TASK STATEMENT → Using the records below, copy exactly the part that opens with the line holding "So open up Excel" and closes with the line holding "Then you have to select multimedia", minus the pictures.

TASK MATERIAL →
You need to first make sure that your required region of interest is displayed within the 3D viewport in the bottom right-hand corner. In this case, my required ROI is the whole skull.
* * *
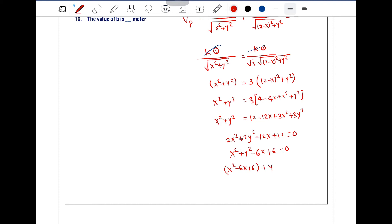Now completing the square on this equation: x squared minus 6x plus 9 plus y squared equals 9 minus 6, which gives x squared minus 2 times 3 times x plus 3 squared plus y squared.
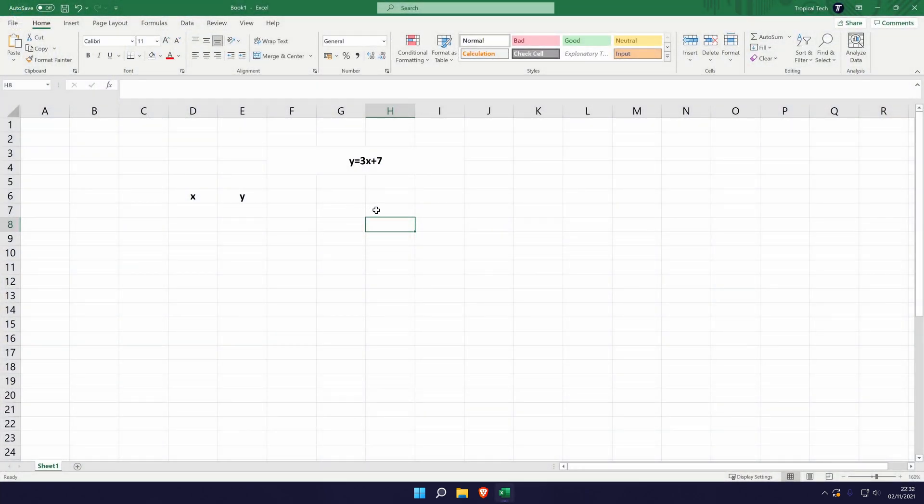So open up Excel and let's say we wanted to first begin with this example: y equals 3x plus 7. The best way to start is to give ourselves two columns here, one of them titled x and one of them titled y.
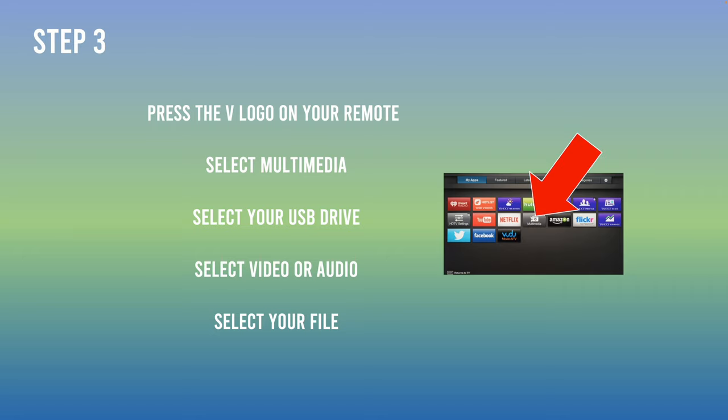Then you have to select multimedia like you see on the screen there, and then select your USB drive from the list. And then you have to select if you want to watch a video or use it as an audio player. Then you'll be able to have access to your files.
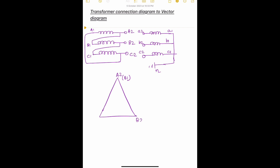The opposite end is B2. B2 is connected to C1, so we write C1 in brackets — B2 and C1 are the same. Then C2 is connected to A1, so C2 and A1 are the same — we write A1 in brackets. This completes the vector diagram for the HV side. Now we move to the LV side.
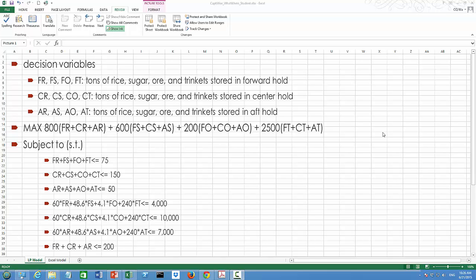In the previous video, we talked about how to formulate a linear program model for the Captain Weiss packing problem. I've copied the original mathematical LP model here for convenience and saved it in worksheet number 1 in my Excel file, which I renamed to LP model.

OUTPUT OF THE EXERCISE →
So open up Excel and let's say we wanted to first begin with this example: y equals 3x plus 7. The best way to start is to give ourselves two columns here, one of them titled x and one of them titled y.
Then you have to select multimedia like you see on the screen there, and then select your USB drive from the list. And then you have to select if you want to watch a video or use it as an audio player. Then you'll be able to have access to your files.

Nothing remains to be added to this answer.